質問にお答えします-後期第3回-

2013年10月31日 | By mori | Filed in: 心理学(2013年度).

(全文読む場合はタイトルをクリック) 前回の授業内容に対しては質問がなく、「今日の一句」のみの投稿がありました。それではみなさん、雅な雰囲気をお楽しみ下さい。

今日の一句

[その壱]

行動の 可能秘めたる 環境の 特性とりだす アフォーダンス

[コメント壱]

正確に言うと、行為(行動)の可能性として環境が持っている(と言っても、生体の身体との相関関係で決まるのですが)特性をアフォーダンスと言います。
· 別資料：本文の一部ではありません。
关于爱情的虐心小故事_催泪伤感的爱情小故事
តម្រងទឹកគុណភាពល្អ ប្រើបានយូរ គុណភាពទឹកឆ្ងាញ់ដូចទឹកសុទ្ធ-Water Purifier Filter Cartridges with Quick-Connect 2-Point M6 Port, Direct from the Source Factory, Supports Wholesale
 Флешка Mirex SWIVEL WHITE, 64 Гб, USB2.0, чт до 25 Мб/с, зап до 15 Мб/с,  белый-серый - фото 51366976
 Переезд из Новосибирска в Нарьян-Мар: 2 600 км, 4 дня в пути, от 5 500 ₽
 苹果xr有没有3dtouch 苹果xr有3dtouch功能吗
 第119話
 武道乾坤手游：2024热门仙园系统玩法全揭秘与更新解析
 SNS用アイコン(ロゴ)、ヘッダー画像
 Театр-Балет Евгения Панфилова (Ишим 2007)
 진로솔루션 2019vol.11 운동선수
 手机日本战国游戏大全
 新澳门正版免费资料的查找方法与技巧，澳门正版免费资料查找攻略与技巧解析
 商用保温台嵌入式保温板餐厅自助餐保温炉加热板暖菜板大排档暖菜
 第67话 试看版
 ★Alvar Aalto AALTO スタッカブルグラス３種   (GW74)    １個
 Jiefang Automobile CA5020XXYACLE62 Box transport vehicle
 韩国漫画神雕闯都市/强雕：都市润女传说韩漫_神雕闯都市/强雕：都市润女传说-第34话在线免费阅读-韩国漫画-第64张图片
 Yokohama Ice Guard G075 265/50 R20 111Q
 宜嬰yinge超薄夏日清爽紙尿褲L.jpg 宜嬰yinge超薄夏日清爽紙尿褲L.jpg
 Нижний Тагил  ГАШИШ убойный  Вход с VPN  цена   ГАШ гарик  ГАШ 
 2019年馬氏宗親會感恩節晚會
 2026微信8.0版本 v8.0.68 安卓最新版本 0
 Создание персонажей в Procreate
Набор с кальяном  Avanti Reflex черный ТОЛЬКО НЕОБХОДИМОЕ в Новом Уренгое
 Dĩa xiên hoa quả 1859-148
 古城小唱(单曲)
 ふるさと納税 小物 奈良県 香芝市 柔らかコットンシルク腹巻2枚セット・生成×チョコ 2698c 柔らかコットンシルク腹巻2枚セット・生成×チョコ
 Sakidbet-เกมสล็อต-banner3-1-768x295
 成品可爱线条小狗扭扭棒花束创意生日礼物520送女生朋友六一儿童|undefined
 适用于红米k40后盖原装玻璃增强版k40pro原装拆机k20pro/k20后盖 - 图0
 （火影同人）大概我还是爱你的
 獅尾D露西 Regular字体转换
「とりだすこと」ではなく、「とりだされるもの」の方ですね。ここに注意してくれれば、この句はアフォーダンス理解に役立つと思います。

 

[その弐]

環境への 認識つねに 変わりゆく時の流れと 共にあるゆえ

[コメント弐]

正確に言うと、環境の認識(認知、知覚)が変わるのは経験によってであり、時間が過ぎれば変わるものではありません。ただ、時間とともに経験が増えて行くと考えれば、この句は、知覚が発達するものであることをうまく描写した句と言えるでしょう。

 

[その参]

知覚とは 外側からの 刺激うけ 思考 知識で 推論すること

[コメント参]

この句で読まれている知覚の考え方は、旧式(伝統的)なもので、授業で解説したアフォーダンス理論に依るものではありません。昔からある、そして今も心理学者たちがとらわれている知覚観を適切に描写したものだとわかってくれれば、これもまた簡潔なよい句だと思います。